— WHAT TO PRODUCE —
Would you restate all of the entries verbatim, minus any images?

(Brief descriptive captions)
☆ ☆ ☆
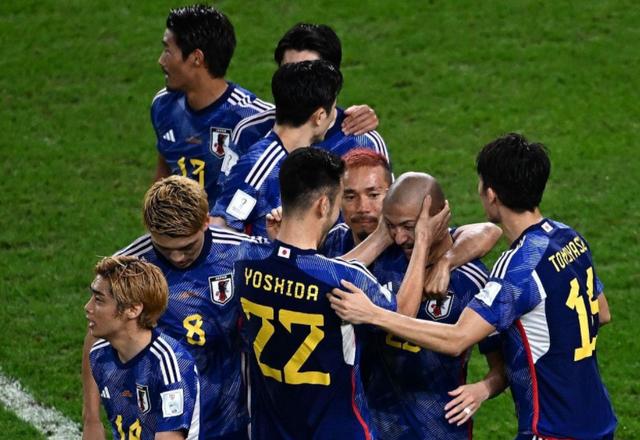 日本队对决克罗地亚队：世界杯1/8决赛的强大对决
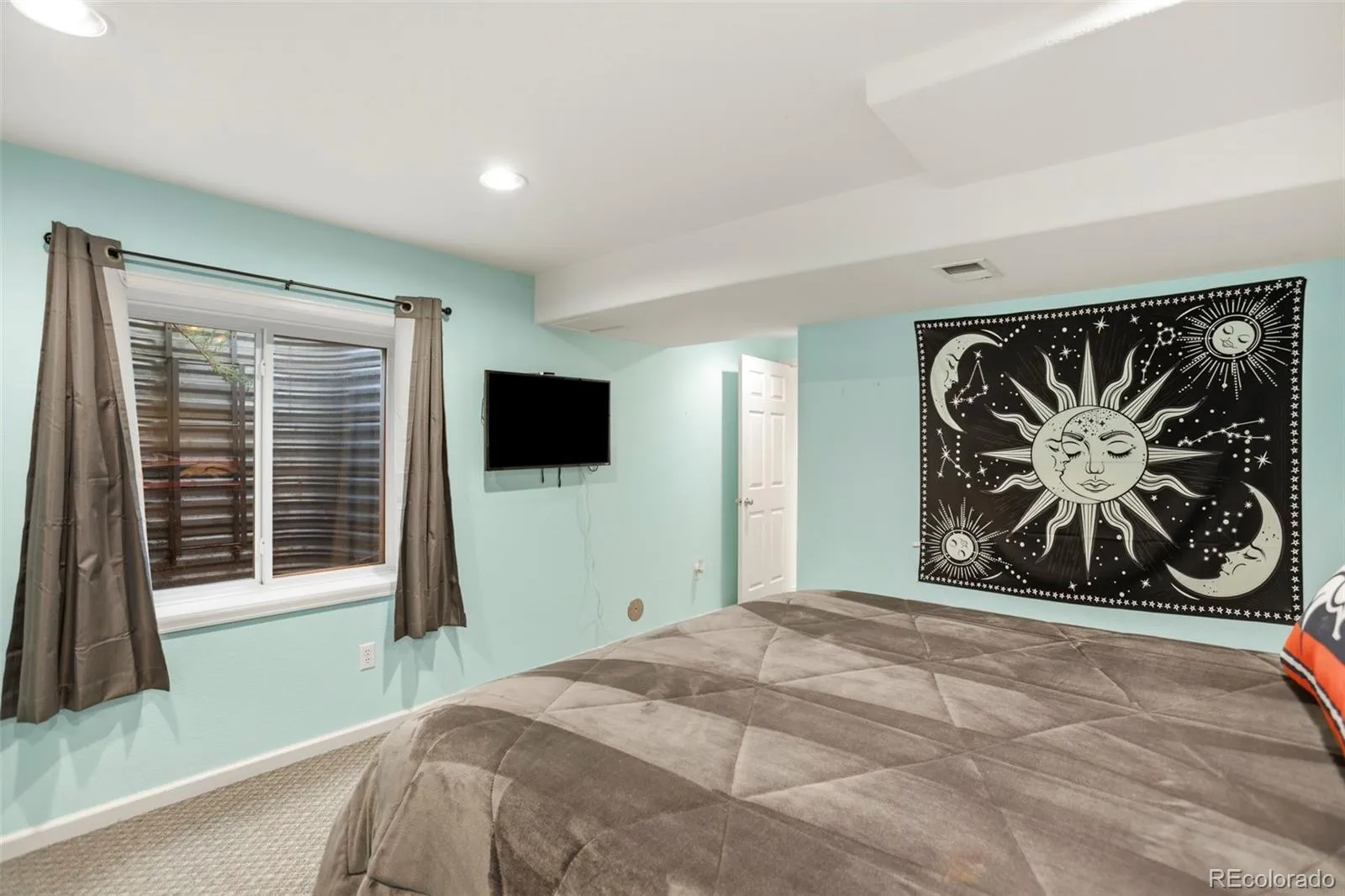 5606 S Helena Court Centennial CO 80015 MLS #REC5188294 05092026024843 1600 32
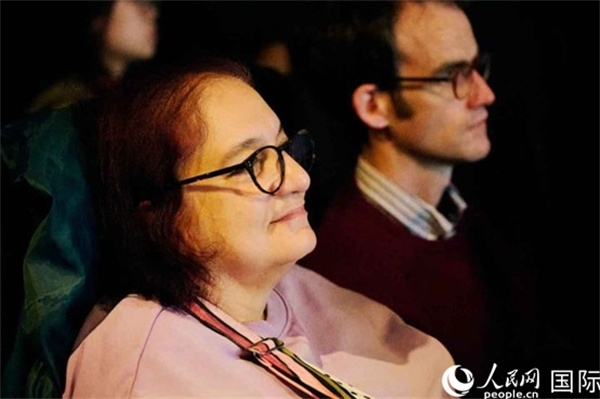 英國觀眾觀看巡展影片。楊浩鵬攝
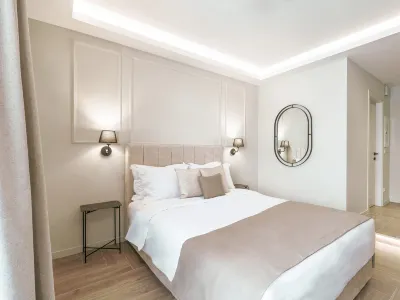 ASTIKON Xenofontos Suites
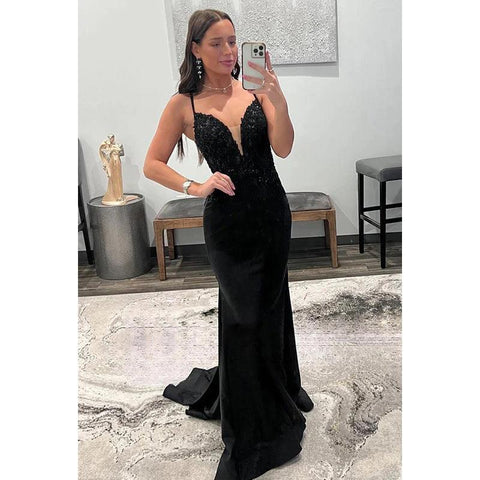 Vestido de noche formal de satén con escote en V, sin mangas y con cuentas, con corte tubo/columna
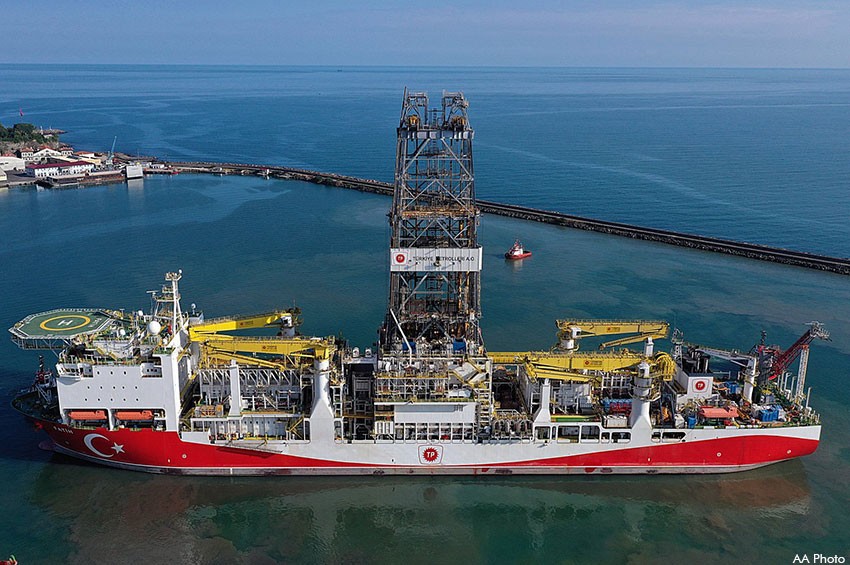 Turkey's drillship Fatih embarks on long-awaited Black Sea mission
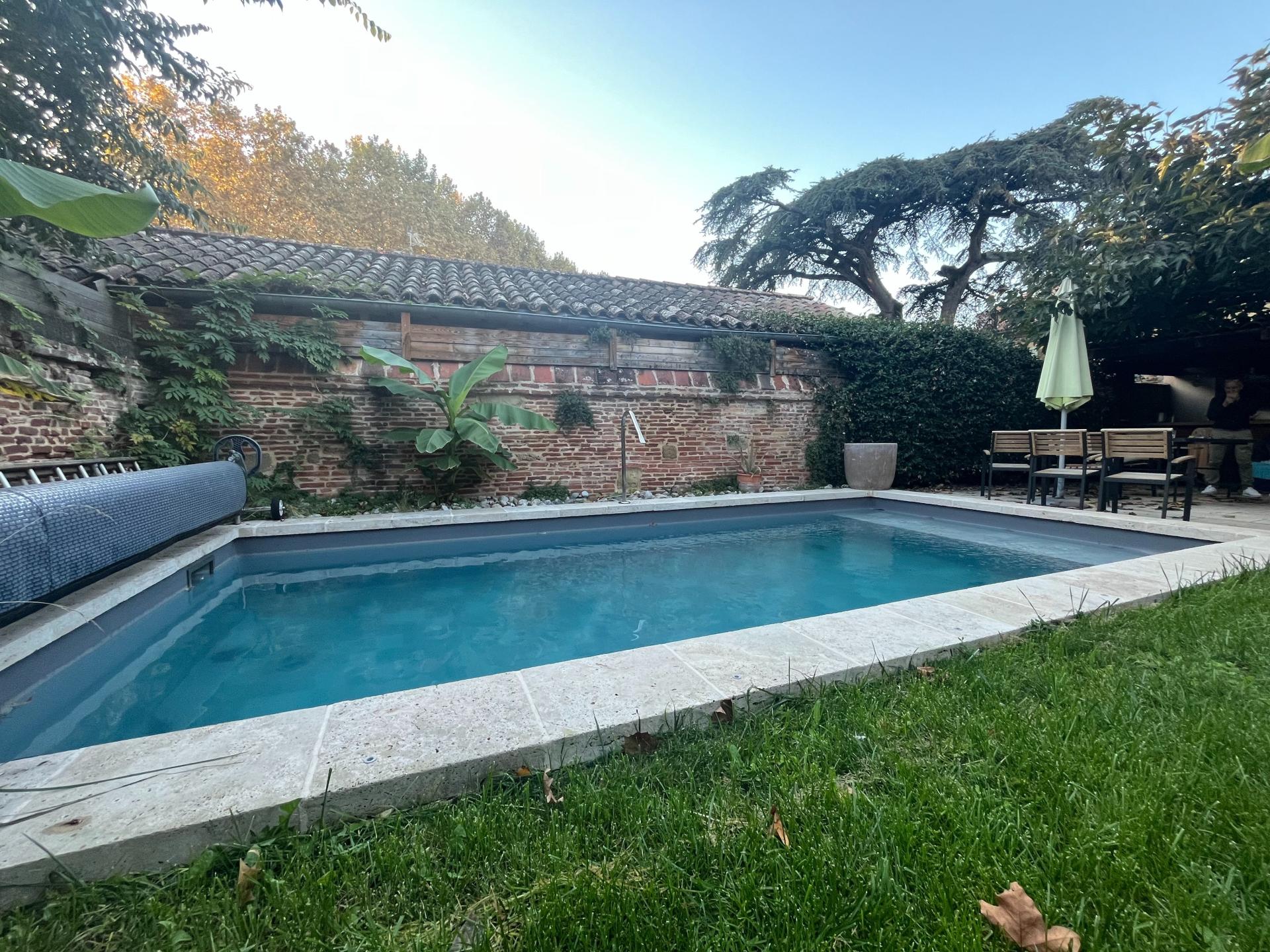 Photo 8 of the listing.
☆ ☆ ☆
— TASK OUTPUT —
 日本队对决克罗地亚队：世界杯1/8决赛的强大对决
 5606 S Helena Court Centennial CO 80015 MLS #REC5188294 05092026024843 1600 32
 英國觀眾觀看巡展影片。楊浩鵬攝
 ASTIKON Xenofontos Suites
 Vestido de noche formal de satén con escote en V, sin mangas y con cuentas, con corte tubo/columna
 Turkey's drillship Fatih embarks on long-awaited Black Sea mission
 Photo 8 of the listing.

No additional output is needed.